In one of the most surprising revelations from Cisco Systems, Inc. (NASDAQ:CSCO), the top management including the CEO of the company had a decline in compensation in the latest fiscal, as mentioned in its latest SEC filing.
John Chambers made a total of $16.5 million in the recent fiscal with a 22% decline from last year. The primary reason for lower compensation was the decline in his performance-based remuneration. The leading network device manufacturers couldn’t reach its sales target of $49.5 billion for the fiscal 2014 with net sales of $47.1 billion and operating margin of $13.4 billion, $600 million short from the $14 billion target.
Chamber is likely to leave the post by 2016 after a successful career of 20 years and Cisco Systems, Inc. (NASDAQ:CSCO) is likely to cut up to 6,000 jobs in the upcoming months, as the company witnessed 3% decline in its fiscal revenue when compared with the prior year. According to a spokesperson for the company, John Earnhardt,
“Cisco’s executive officers are compensated in a manner consistent with Cisco’s strategy, competitive practice, sound corporate governance principles, and shareholder interests and concerns. We believe our compensation program is strongly aligned with the long-term interests of our shareholders.”
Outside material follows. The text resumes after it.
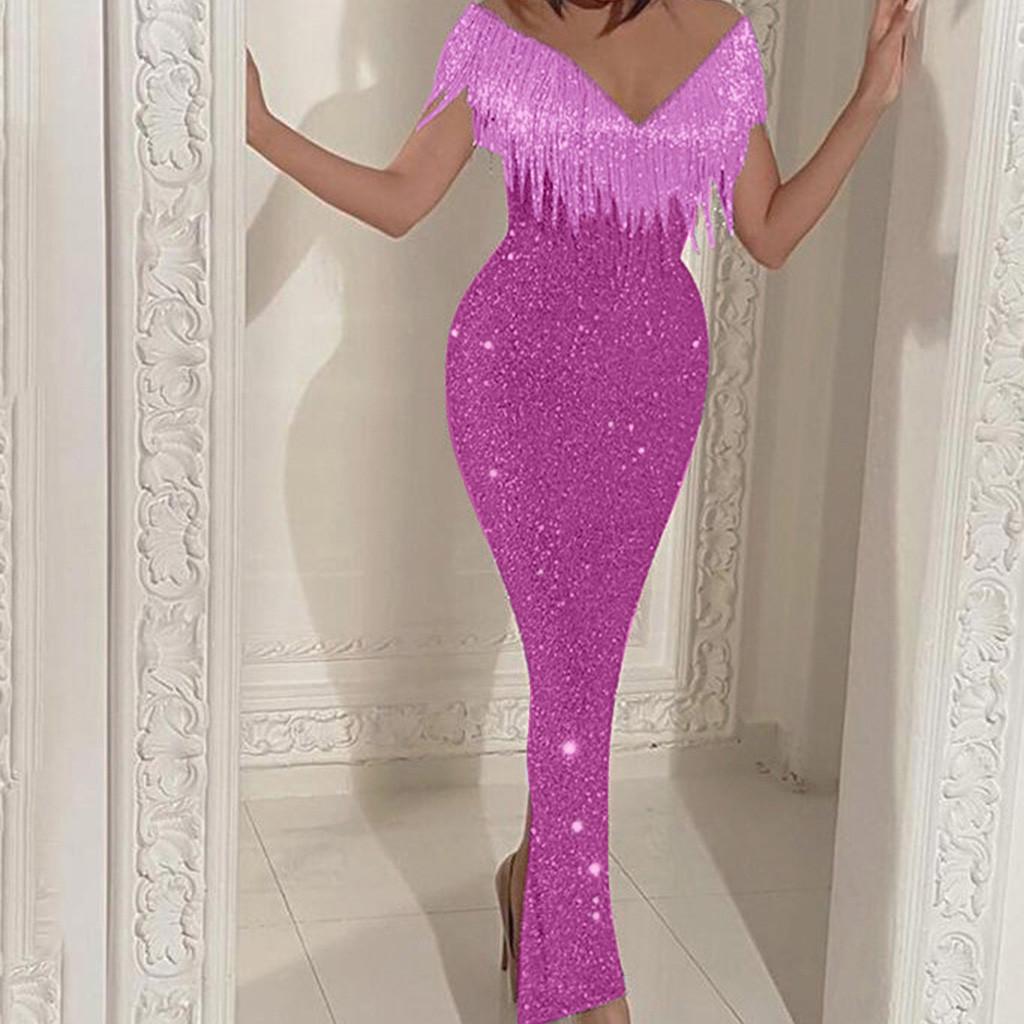 Women Sexy Solid Sequined Stitching Shining Club  Sleevless  Dress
With same base salary, Chambers had net stock awards of $12.9 million against $15.2 million for the prior year and non-equity incentive compensation of $2.5 million against $4.7 million. Chambers was not the only executive with lower compensation, as his potential successors, Gary Moore and Robert Lloyd, received 35% and 33% lower compensation respectively.
Earlier, Cisco Systems, Inc. (NASDAQ:CSCO) announced investments of up to $1 billion in the global cloud computing network, Intercloud, with potential partnerships with Equinix Inc (NASDAQ:EQIX) and BT Group plc (ADR) (NYSE:BT).